In the analysis of globalization, food has played a marginal role, however, this has gradually been changing in recent years. A number of academic works have addressed the accelerated globalization of the twentieth century through the lens of food and culinary styles.[4] Globalization often occurs through the travelling of cuisines that are delinked from their place of invention and production and taken to another place for consumption, which might involve change and adapta- tion.[5] In this context, the idea of a national cuisine, which firmly links place and taste and ties this entwined concept to a geographical location, remains contested since multiple foodways exist within nation-states and make the determination of one national cuisine difficult.[6] But culinary styles and food items continue to serve as powerful images of globalization and also as symbols of everyday life that are routinely enforced and attach the citizens’ identity to the nation-state as Michael Billig has pointed out in his study on banal nationalism.[7]

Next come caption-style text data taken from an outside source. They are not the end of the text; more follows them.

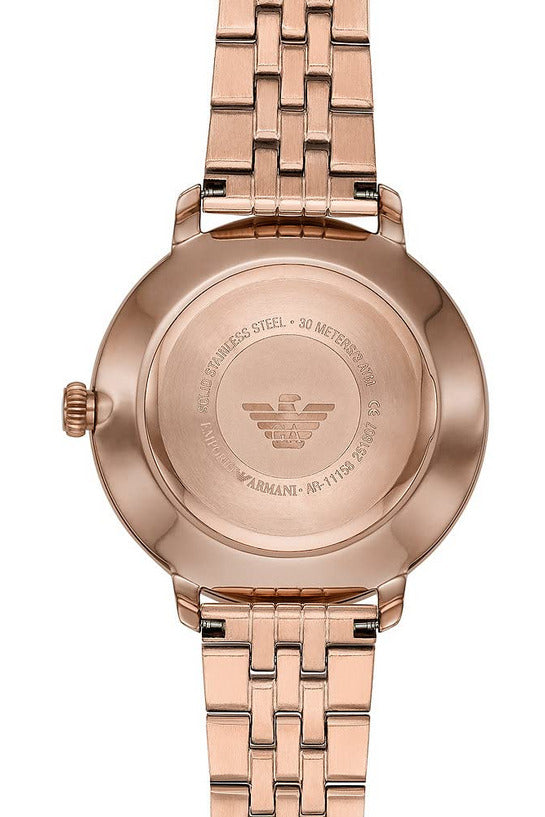 Buy Emporio Armani Women’s Analog Stainless Steel Mother of Pearl Dial 32mm Watch 11158 in Pakistan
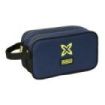 Safta Munich Track Neceser de 5L - 2 Compartimentos con Cremallera - Asa Lateral - Adapatable a Carro - 260x125x150mm - Color Az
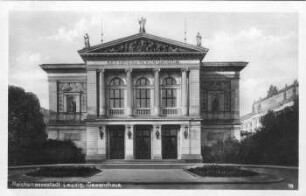 Reichsmessestadt Leipzig: Gewandhaus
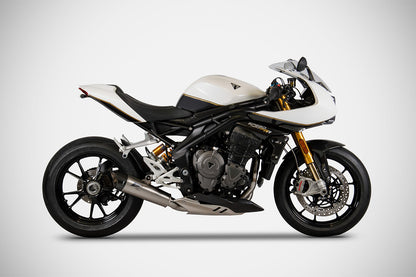 ZARD Racing Exhaust Header Kit for Triumph Speed Triple 1200 RS/RR (2021+)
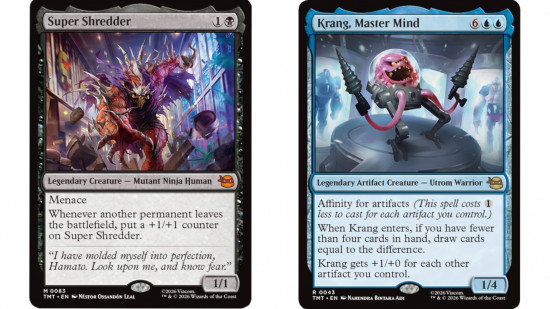 MTG Teenage Mutant Ninja Turtles includes co-op game mode and pizza lands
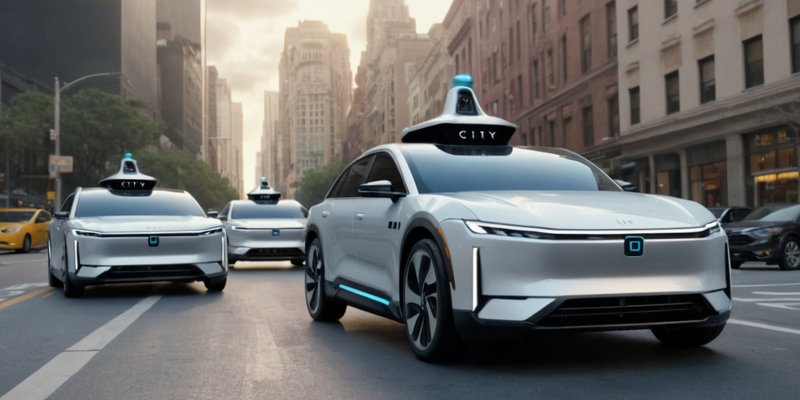 Uber инвестирует сотни миллионов долларов в Lucid и Nuro для создания премиального сервиса роботакси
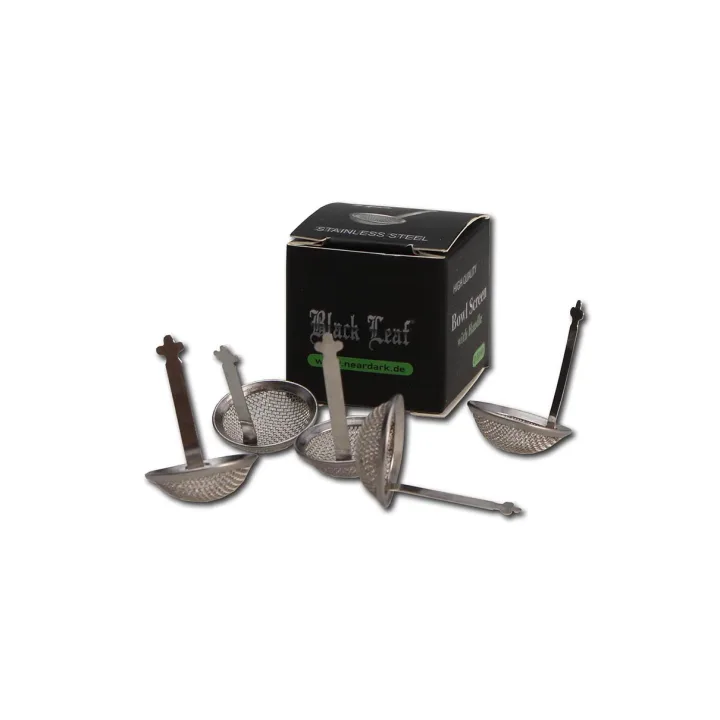 Сетки Black Leaf с окантовкой и ручкой 20 мм, 5 шт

The phenomenon of globalization and re-territorialization of food has been discussed in the context of culinary nationalism[8] and gastronationalism.[9] In her study on foie gras - fattened duck liver or goose liver - Michaela DeSoucey discussed gastronationalism as the appreciation of a morally contested food, which remains a powerful symbol of French culinary and national identity. DeSoucey has argued that nation-states resist the forces of globalization by utilizing the homogenizing powers of globalization. In doing so, nation-states initiate new forms of identity politics, protectionist policies, and local culinary identities that re-position the boundaries between national foodstuffs and foreign foodstuffs and re-emphasize distinct localities.11

Taking Japan as an example, this chapter analyses the efforts of a national government to engage in the process of re-territorialization on two levels, the global and the domestic level. Globally, the Japanese government makes use of culinary soft power[10] [11] and internationally recognized institutions such as the United Nations Educational, Scientific and Cultural Organization (UNESCO) to gain recognition for a pristine national haute cuisine. As Priscilla Ferguson Parkhurst has shown, the origins of haute cuisine lie in nineteenth-century France and are characterized by the existence of abundant foodstuffs, and experienced food producers who prepare food at a specific site - the restaurant - for affluent and knowledgeable consumers in a secular cultural tradition.[12] The emergence of a modern culinary tradition and a culinary discourse as a cultural practice led to the cultivation of a national identity which included foodways as part of national identity, and to a ‘re-definition of haute cuisine as a national cuisine’.[13]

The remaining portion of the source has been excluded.